Nurbu Sherpa | Northern Trekking Team Nurbu Sherpa | Northern Trekking Team

Nurbu Sherpa

A Porter: From Nothing to Something

“I am gradually learning to become a challenge to the challenges of life and an obstacle to its obstacles because I am a character of that real-life story where life
for me is not something to be taken into granted, rather is a matter of sheer
struggle.”
Namaste, I am Nurbu Sherpa. I was born in eastern part of Nepal—Patle-9,
Okhaldhunga—28 years ago. With a family of four—mother, father, and a loving
sister, I had a wonderful childhood. But as they say, nothing is permanent, things
fade gradually with the ticking of time.
My mother used to say that mountains do not change its color but the scenic
beauty of Himalayas changes with every new season. True. With the change in the
seasons, my mother passed away one day and the incident transformed my family
structure.
My destiny was about to change its course to become a story of struggle when my
father married again. A human being is unaware of the forthcoming reality that is why
momentary illusions are necessary to add colors in life. I happily celebrated the
marriage ceremony of my parents.
Life is mysterious as none knows what it will reveal in the next moment. And this
is its best aspect, as per my experience. A strong incident capable of bringing
change in the course of one’s life at present will ultimately lead to a drastic
change of 180 degrees over the course of time. In my context, it took over a
decade.
For my father, the arrival of a new member in the family fulfilled the absence of a
wife. Good enough. But in an exchange with my father’s happiness, we—my sister and I
—paid a heavy price because she was finding it hard to accept us as her children.
Frequent brawls with the new mother gradually became a daily schedule of our life which had an impact on different spaces of my life and most importantly,
resulted with the end of my school life and triggered the beginning of porter life.
Employment is no big deal in the Khumbu (Everest) region if a person is physically fit.
Being a local of this region, getting a job of porter was not that hard for me. So, I
started my professional career as a porter at the age of 17.

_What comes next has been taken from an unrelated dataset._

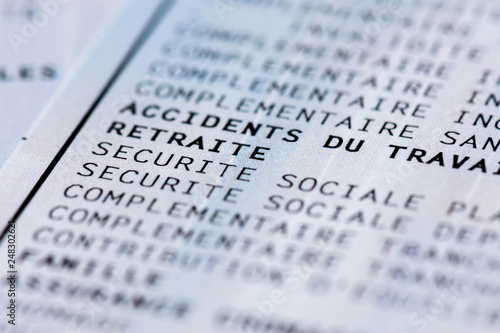 Bulletin de paie français avec cotisations sociales (accidents du travail, retraite, Sécurité sociale). Gros plan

Pursuing this career was one of the hardest decisions of my life because of the day I
moved to Everest Base Camp (EBC) with a load of 30 kgs on my back, my friends
were preparing for high school final year, grade 10.
Time flies. I still remember my first climb at Top Danda (Cannon Hill) near Namche
Bazaar. It was very difficult for a rookie like me. I do not regret while recollecting
those memories but anxiety engulfs me. What shall I say to my kids if they ask
about my education? I do not want to tell them that their father is a high school
dropout.
Porter life is arduous. But why complain about being a porter when destiny has
already deceived. I reached EBC for the first time in a pair of slippers, a sweater, a
jacket without a fastener, and a beanie. I was fortunate to deceive death as I
walked the trail during early September. But the chill that I felt in Gorakshep, near
EBC, on that night, was something which I cannot express in words.
On the same trip, I cried a lot remembering my mother while climbing to
Tengboche from Phurkitenga. My thumb toe was hurt so bad it bled. But no one
was there to hug me. It was a cry in wilderness. To add to my woes, the group
leader scolded me for walking slowly as I limped my way to the destination,
Tengboche. Prior to all this, I never thought life would be so painful.
Despite that, there was only one thing that inspired me to continue the job. Yes,
money matters. The trip finally ended in Lukla where I received a total of
Rs.10,000. This was exciting because I had not seen the amount of money that big
in my entire life. It was big enough to make a fat bulge in my pocket from where I
didn’t remove my hand until I reached my village, Patle, in the next couple of days.
Money brings confidence in a person. I shared the story with my sister. She was
excited as well. I also asked her to continue her study which she had discontinued.
I ensured all required arrangements so that she could resume. My father also
approved the proposal as I was ready to finance her study expenses along with
livelihood contribution to home.
I continued the job for a few more years. Sister completed her high school. This
was the second happiest moment of my life since the death of my mother. The
first was when I received my wage—Rs.10,000—for the first time. Later, she got
married and now she is in Cypress with her husband.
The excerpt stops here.